_INSTRUCTIONS TO FOLLOW_: From the line containing "Burberry Printed T-shirt" through the last line of the records below, output every line exactly as it appears, but leave out the pictures.

══ SOURCE RECORDS ══

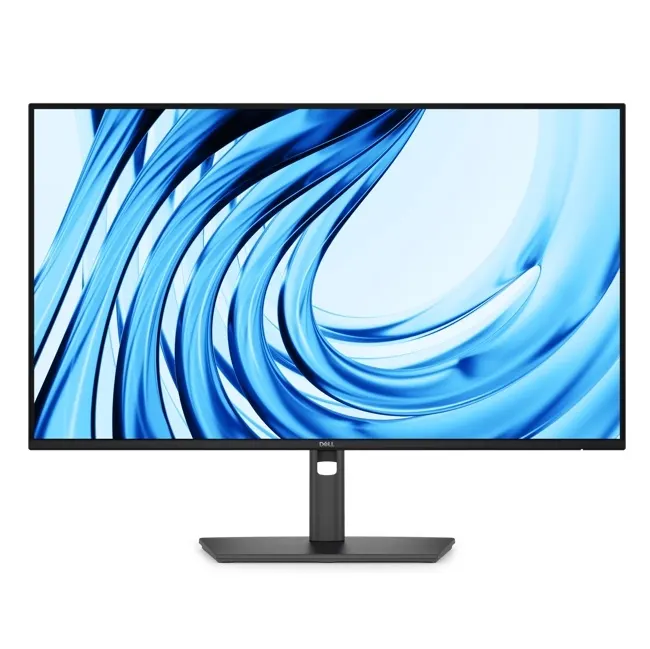 მონიტორი Dell Pro P 27 Monitor - P2726H 27.0"/1920x1080/IPS/16:9/300 cd/m2/120 Hz/5ms/1,500: 1/178/178/HDMI,DP,2xUSB-A, 2xUSB-C /Swivel, Pivot, Height adjustable 150 mm/Black/War 3Yrs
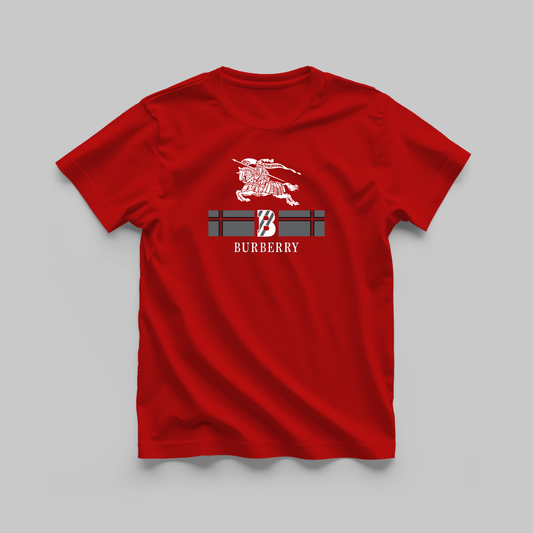 Burberry Printed T-shirt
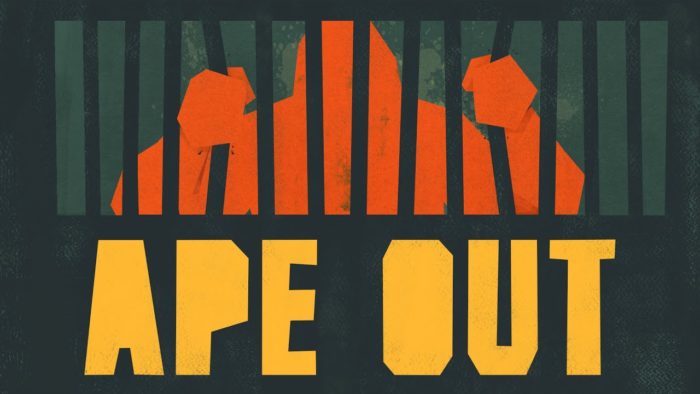 Análise Arkade: Ape Out é instinto animal (e musical) em uma fuga alucinada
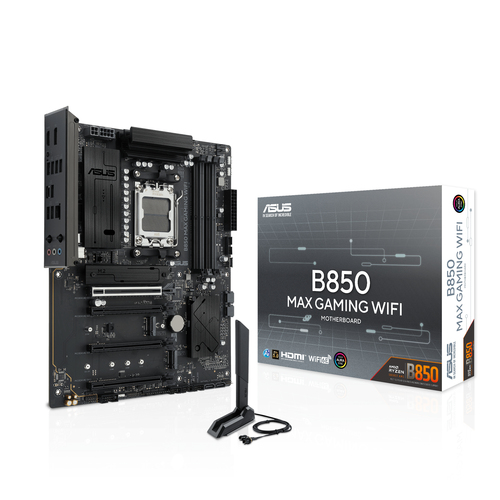 B850 MAX GAMING WIFI – ASUSTeK COMPUTER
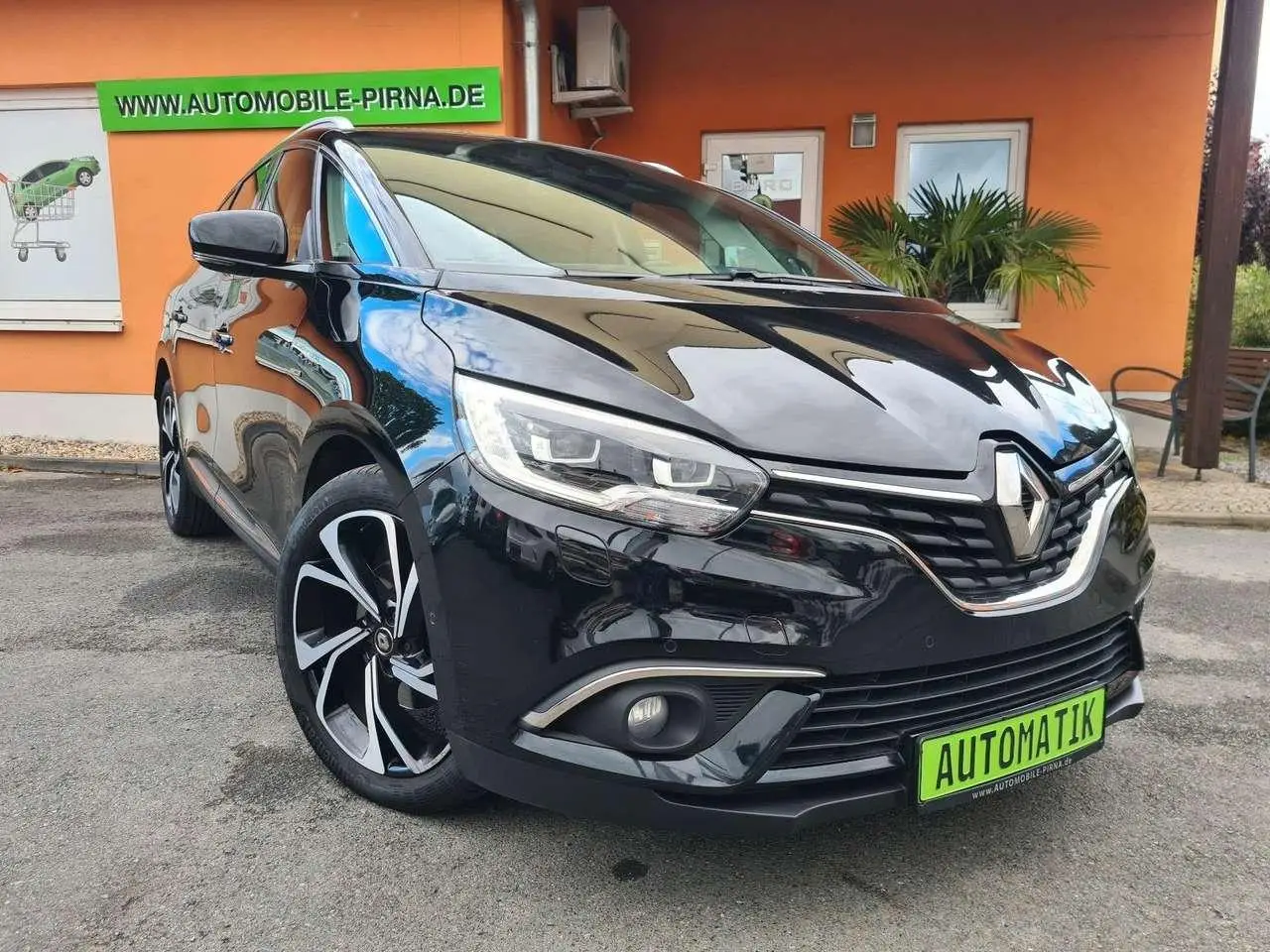 Photo 1 : Renault Grand Scenic 2019 Diesel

═══

_RESPONSE FOR THIS EXERCISE_:
 Burberry Printed T-shirt
 Análise Arkade: Ape Out é instinto animal (e musical) em uma fuga alucinada
 B850 MAX GAMING WIFI – ASUSTeK COMPUTER
 Photo 1 : Renault Grand Scenic 2019 Diesel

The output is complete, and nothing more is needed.